Confidentiality Notice: This e-mail message, including any a...{{dropped}}
#
JohnT> > # ...I had previously created a sparse matrix in triplet form:
  JohnT> > str(x)
  JohnT> Formal class 'dgTMatrix' [package "Matrix"] with 6 slots
  JohnT>   ..@ i       : int [1:923636] 1 2 3 4 5 6 7 8 9 10 ...
  JohnT>   ..@ j       : int [1:923636] 1 1 1 1 1 1 1 1 1 1 ...
  JohnT>   ..@ Dim     : int [1:2] 600 4482
  JohnT>   ..@ Dimnames:List of 2
  JohnT>   .. ..$ : chr [1:601] "50" "51" "52" "53" ...
  JohnT>   .. ..$ : chr [1:4482] "1" "2" "3" "4" ...
  JohnT>   ..@ x       : num [1:923636] 50.2 51.2 52.2 53.2 54.2 ...
  JohnT>   ..@ factors : list()
  JohnT> >
  JohnT> > # While subsetting x, I was surprised to get this warning: 
  JohnT> > y<-x[1:300,]
  JohnT> Warning message:
  JohnT> number of items to replace is not a multiple of replacement length

and later

    JohnT> Sorry, I omitted background information:
    JohnT> R version: 2.3.0
    JohnT> OS: Windows XP
    JohnT> CPU:  Pentium III, 
    JohnT> RAM:  768 MB

You omitted the most pertinent information: The version of
'Matrix' you are using.
The latest released version of Matrix does *not* show the
behavior you mentioned.
{So I have now spent 20 minutes just because you did not update 'Matrix'..}

    JohnT> Also, what command-line memory settings might prevent R from crashing
    JohnT> while using the Matrix package to convert my 600 X 4482 dgTMatrix to the
    JohnT> dgCMatrix class or to an expanded Matrix, via the as() function? I can
    JohnT> do this with half of the matrix, 300 x 4482.

It's hard to believe that you get a "crash" when coercing to
'dgC' -- but of course this really depends how much memory you
have already goggled up by other large objects in your R
workspace, or by other applications running at the same time in
Windows.  Coercing to a full matrix will of course require 
8 * 601 * 4482 = 21549456 extra bytes just for the numbers.
That's only 21.5 Megabytes, so I wonder..

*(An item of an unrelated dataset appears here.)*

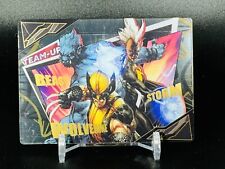 2024 Finding Unicorn Marvel Evolution Team Up Acrylic Gold Wolverine Storm Beast picture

I have never seen R crashes from using 'Matrix', but then I
work with an operating system, not with M$ Windows.  
Maybe you meant you got an error message "... memory allocation .."?

    JohnT> Thanks,
    JohnT> John T
#
Martin Maechler replied to my query "Warning while subsetting...":

MartinM> >>>>> "JohnT" == Thaden, John J <ThadenJohnJ at uams.edu>
MartinM> >>>>>     on Thu, 6 Jul 2006 00:02:10 -0500 writes:

    JohnT> ...
    JohnT> > # While subsetting x, I was surprised to get this warning: 
    JohnT> > y<-x[1:300,]
    JohnT> Warning message:
    JohnT> number of items to replace is not a multiple of replacement
length

  MartinM> and later

    JohnT> Sorry, I omitted background information:
    JohnT> R version: 2.3.0
    JohnT> OS: Windows XP
    JohnT> CPU:  Pentium III, 
    JohnT> RAM:  768 MB

  MartinM> You omitted the most pertinent information: The 
  MartinM> version of 'Matrix' you are using.
  MartinM> The latest released version of Matrix does
  MartinM> *not* show the behavior you mentioned. {So I have 
  MartinM> now spent 20 minutes just because you did not 
  MartinM> update 'Matrix'..}

The Matrix package was version 0.995-10, now is 0.995-11. 
The R base was version 2.3.0, now is 2.3.1. 
Subsetting 'y <- x[1:300,]' now works. Please accept my apology.

    JohnT> Also, what command-line memory settings might prevent
    JohnT> R from crashing while using the Matrix package to 
    JohnT> convert my 600 X 4482 dgTMatrix to the dgCMatrix class
    JohnT> or to an expanded Matrix, via the as() function? I can
    JohnT> do this with half of the matrix, 300 x 4482.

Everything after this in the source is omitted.